Lima tahun yang lalu, pada saat aku kelas 2 SMA, aku pernah bermimpi dan berhasrat besar mendaki gunung semeru, gunung tertinggi di pulau jawa. Terinspirasi dari tokoh favoritku yang mati di sana, SOE HOK GIE. Banyak yang ingin ku jumpai di sana, Ranu Kumbolo, bunga abadi Edelweis, dan yang pasti puncak semeru, mahameru. Jiwa petualang benar-benar menyebar di tubuhku, organisasi pecinta alam yang aku ikuti benar-benar berhasil menanamkannya. Semenjak saat itu aku mulai bising dengan kota dan perlahan banyak menghabiskan waktu di alam.

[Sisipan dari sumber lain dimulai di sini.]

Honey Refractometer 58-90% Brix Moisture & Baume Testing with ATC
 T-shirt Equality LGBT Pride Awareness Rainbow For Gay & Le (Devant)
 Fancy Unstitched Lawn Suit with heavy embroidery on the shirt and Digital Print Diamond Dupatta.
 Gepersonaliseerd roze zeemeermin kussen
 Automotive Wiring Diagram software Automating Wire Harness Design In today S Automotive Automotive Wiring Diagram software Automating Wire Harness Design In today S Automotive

Banyak orang sering bertanya, “kenapa sih suka naik gunung? Kenapa sih suka ke pantai? Kenapa sih suka berpetualang di alam? Kan capek.” Aku akan jawab di sini, karna dari dulu aku belum pernah menjawabnya. Aku selalu bangga menceritakan, bahwa aku adalah seorang pecinta alam, alam mengajarkanku banyak hal, alam membuat aku tahu siapa diriku, yang tak akan pernah didapatkan dengan hanya duduk manis di dalam kelas, alam membuatku menjadi (seperti) liar? iya! namun alam perlahan menjinakkan singa keegoisan di dalam diriku.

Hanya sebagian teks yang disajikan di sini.